Love Junk was a miracle record for me.

Released in 1988, it was the antidote to Hair Bands and the Paula Abdul-beginning-of-the-end prefab acts. It was all unslick guitar and yelling, and I had to sit down the first time I heard "Looking For Girls" -- blown away by the women singing backup to this lewd singer. It set the whole thing on another level.

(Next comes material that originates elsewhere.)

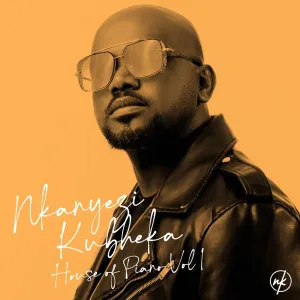 ALBUM: Nkanyezi Kubheka – House of Piano, Vol. 1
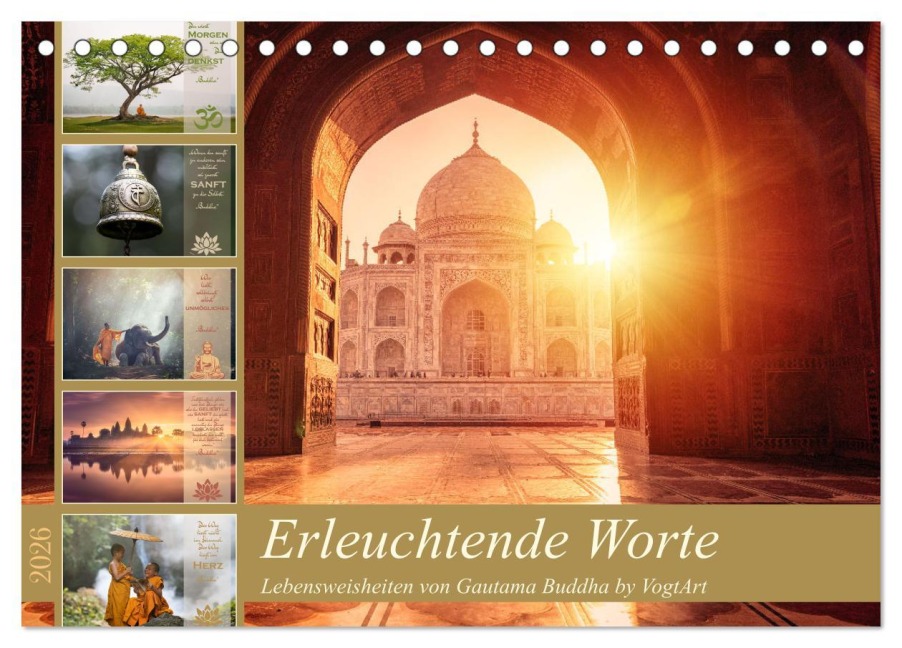 Erleuchtende Worte, Lebensweisheiten von Gautama Buddha by VogtArt (Tischkalender 2026 DIN A5 quer), CALVENDO Monatskalender - VogtArt VogtArt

The whole record was balanced like this. The name of the band was great, a long, original, slightly pretentious name, with the acronym conveniently blasted across the cover in case you couldn't figure it out. And in tiny letters at the bottom, the subject matter: Love Junk. The sound was a KISS meets REM kind of thing; music for teenaged boys, made engaging to an older crowd through its funny, articulate, wry lyrics and subject matter. Not a lot of bands were making music for the portion of the market who wanted this in the late 80's. The long-lasting loyalty of The Pursuit of Happiness' fans is surely in large part due to that.

This is the ultimate TPOH record, and anyone wanting to get into the band should buy this one. Songs on Love Junk range in sound and tone from temper-tantrum punk-flavoured rock (Hard To Laugh, Ten Fingers, Killed By Love) to power-pop (She's So Young, Down On Him), and include the song that gets this band labelled as one-hit-wonders by many, I'm An Adult Now. And no ballads.

The songs have an energising immediacy: Berg's strengths as a writer are his conversational style and disarming honesty, and these are present in the album's best songs. Looking For Girls is brutally honest in a way that could get one in trouble, as is Man's Best Friend (a sort of love song to a friend's girlfriend). Down On Him is my favourite lyric for broaching the kind of personal sexual power issues that nobody else sings about. Maybe Ani Difranco.

do you hide inside yourself so that you don't bother him?
do you laugh and shrug it off when resentment begins?
you know he doesn't give back as much as he could
would you slit your throat to sate him?
I don't think that you should
go down on him again
- Down On Him

Todd Rundgren produces Love Junk, and his pushing the band to record their first album live from the floor pays off. The sound is fantastic. An essential album, an overlooked album, this is highly recommended.


TPOH: Love Junk. Chrysalis, 1988.
Review by jep clayton, BadMonkeyX. 1st issue, January 2001.